*** INPUT DATA Section Begins ***

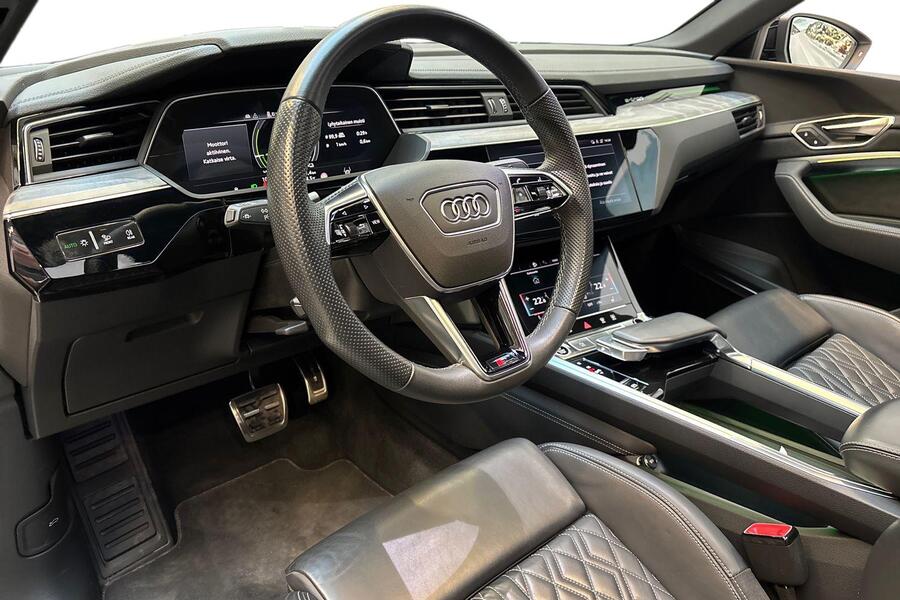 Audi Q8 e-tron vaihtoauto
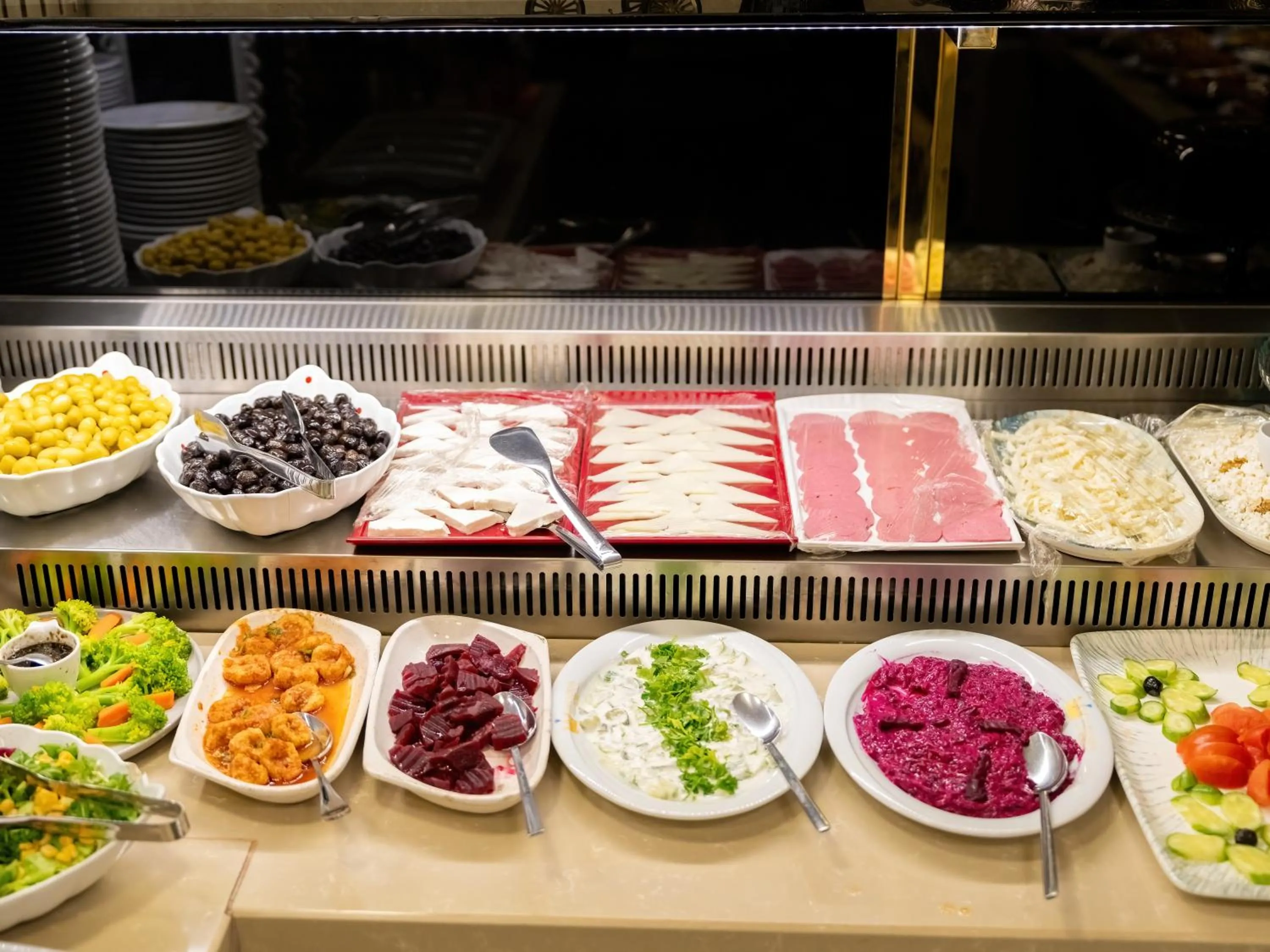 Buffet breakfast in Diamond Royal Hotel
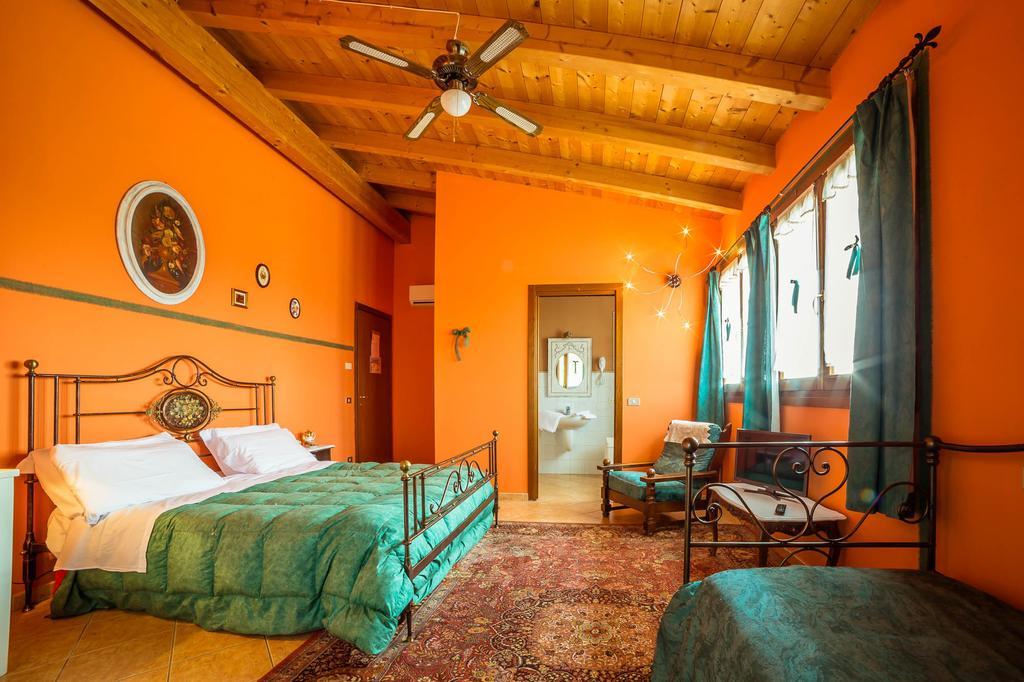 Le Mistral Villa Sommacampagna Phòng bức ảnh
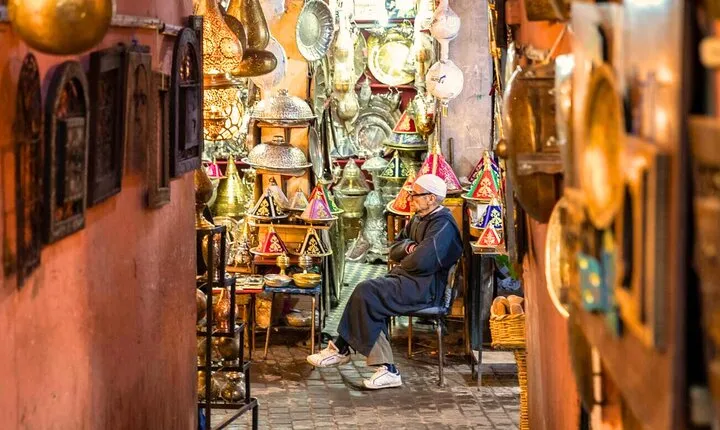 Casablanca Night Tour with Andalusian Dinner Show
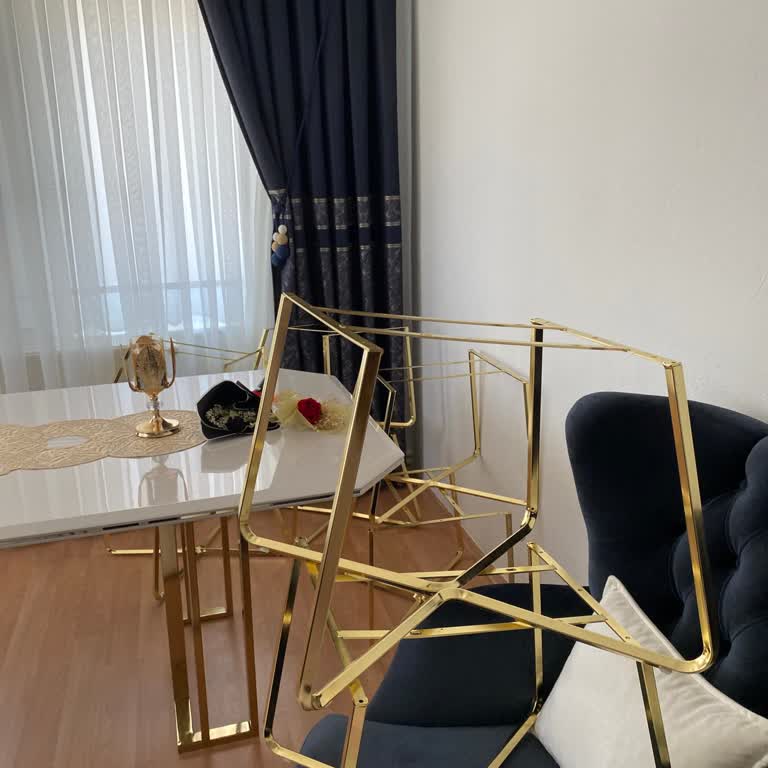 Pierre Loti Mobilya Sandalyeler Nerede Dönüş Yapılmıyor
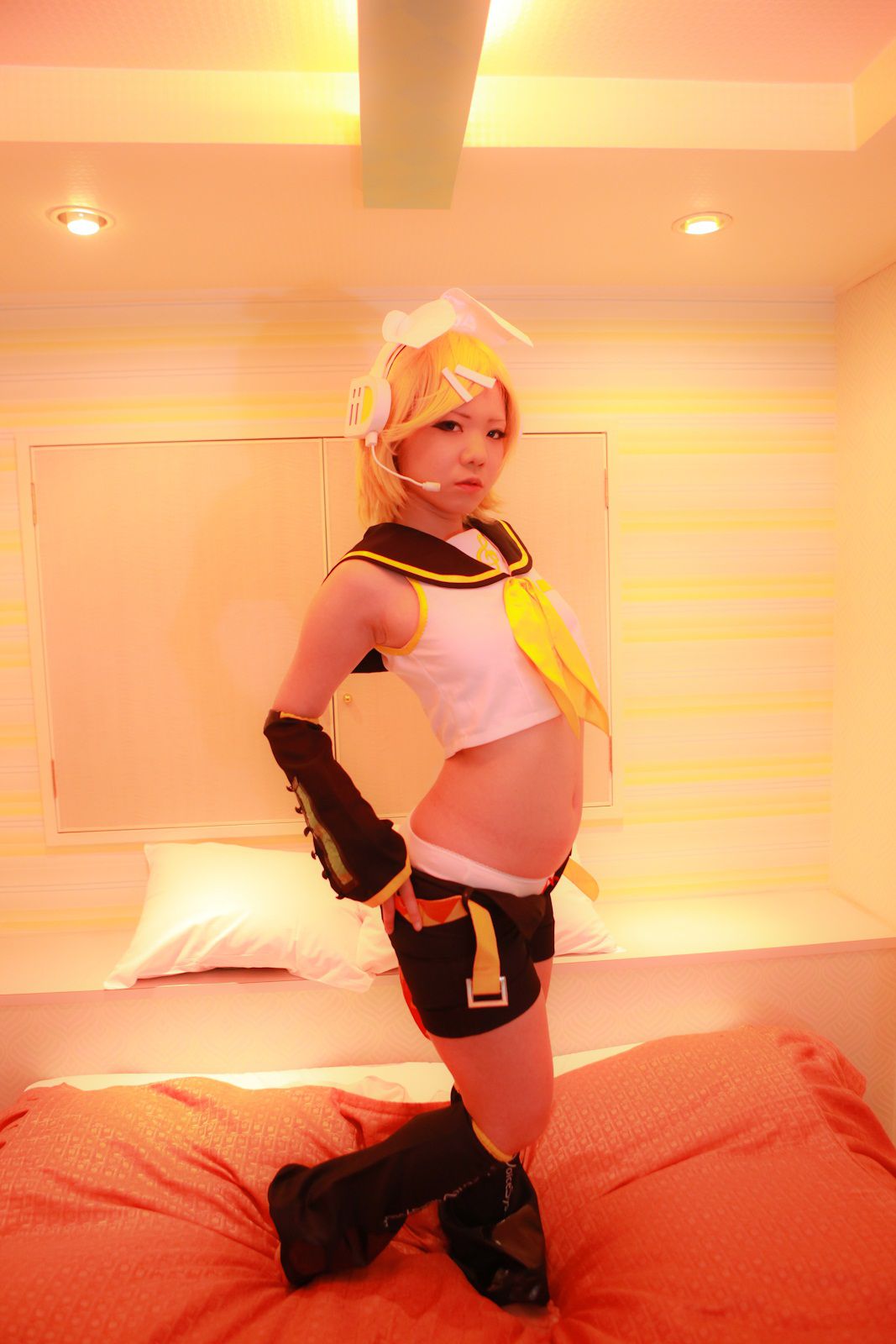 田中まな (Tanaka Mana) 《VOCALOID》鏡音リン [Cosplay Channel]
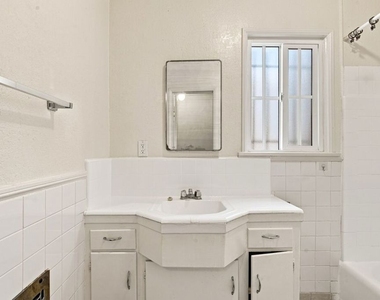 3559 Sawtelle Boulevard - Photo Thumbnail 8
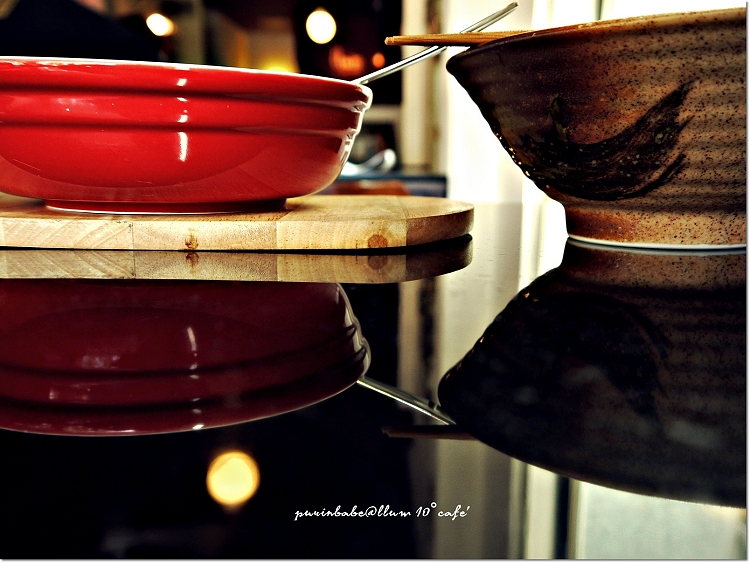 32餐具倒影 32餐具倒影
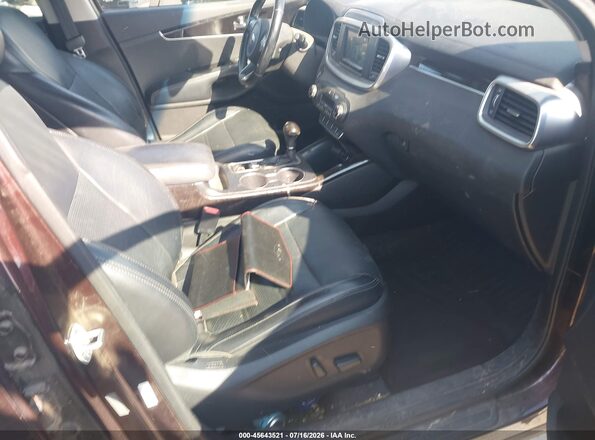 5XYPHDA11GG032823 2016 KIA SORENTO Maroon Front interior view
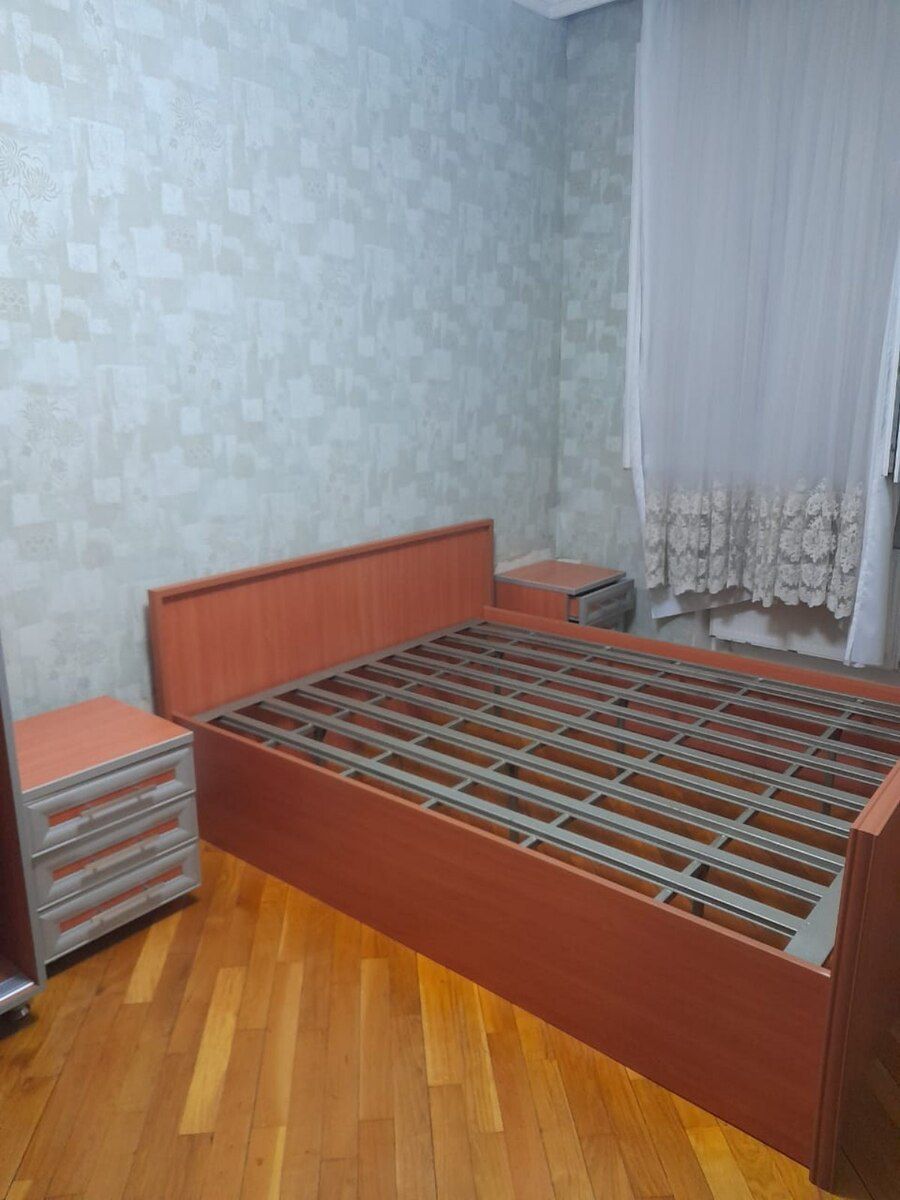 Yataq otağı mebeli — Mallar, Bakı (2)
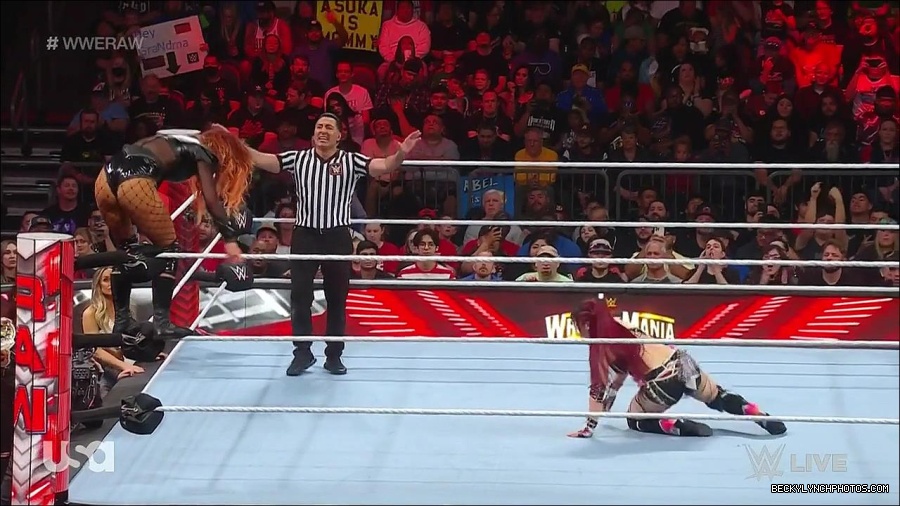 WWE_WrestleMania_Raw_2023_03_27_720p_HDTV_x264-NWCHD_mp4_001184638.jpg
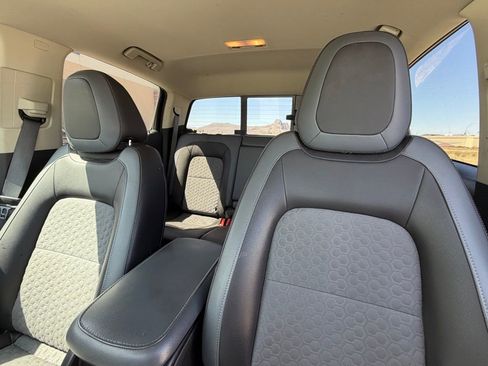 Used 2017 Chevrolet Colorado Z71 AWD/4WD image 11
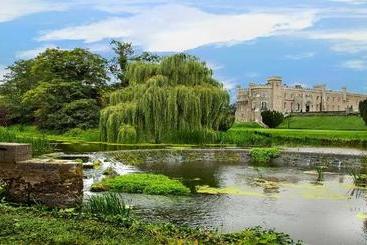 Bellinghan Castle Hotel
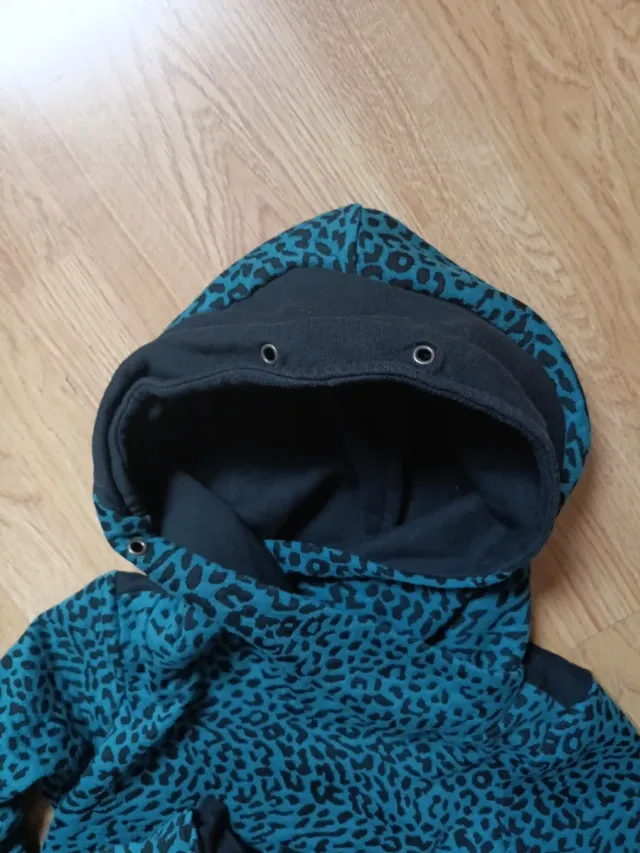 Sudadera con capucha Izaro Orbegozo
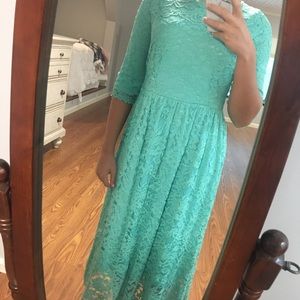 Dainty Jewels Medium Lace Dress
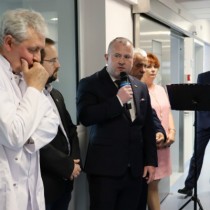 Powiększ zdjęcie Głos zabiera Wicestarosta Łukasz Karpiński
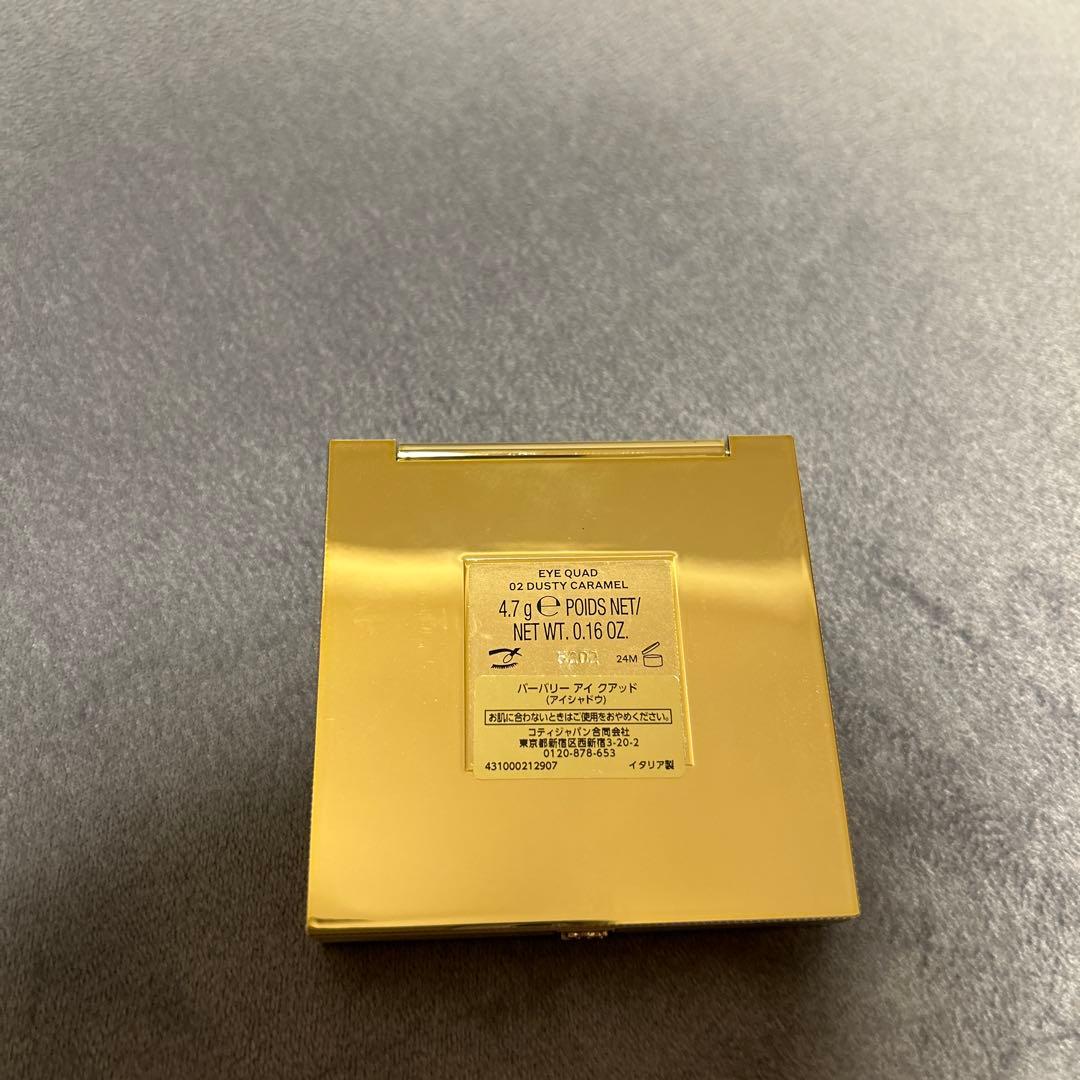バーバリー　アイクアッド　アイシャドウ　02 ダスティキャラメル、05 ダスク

*** INPUT DATA Section Ends ***

TASK OBJECTIVE :: Without changing a single word, set down all of the material again and leave out its pictures.

OUTPUT FOR THIS EXERCISE ::
 Audi Q8 e-tron vaihtoauto
 Buffet breakfast in Diamond Royal Hotel
 Le Mistral Villa Sommacampagna Phòng bức ảnh
 Casablanca Night Tour with Andalusian Dinner Show
 Pierre Loti Mobilya Sandalyeler Nerede Dönüş Yapılmıyor
 田中まな (Tanaka Mana) 《VOCALOID》鏡音リン [Cosplay Channel]
 3559 Sawtelle Boulevard - Photo Thumbnail 8
 32餐具倒影 32餐具倒影
 5XYPHDA11GG032823 2016 KIA SORENTO Maroon Front interior view
 Yataq otağı mebeli — Mallar, Bakı (2)
 WWE_WrestleMania_Raw_2023_03_27_720p_HDTV_x264-NWCHD_mp4_001184638.jpg
 Used 2017 Chevrolet Colorado Z71 AWD/4WD image 11
 Bellinghan Castle Hotel
 Sudadera con capucha Izaro Orbegozo
 Dainty Jewels Medium Lace Dress
 Powiększ zdjęcie Głos zabiera Wicestarosta Łukasz Karpiński
バーバリー　アイクアッド　アイシャドウ　02 ダスティキャラメル、05 ダスク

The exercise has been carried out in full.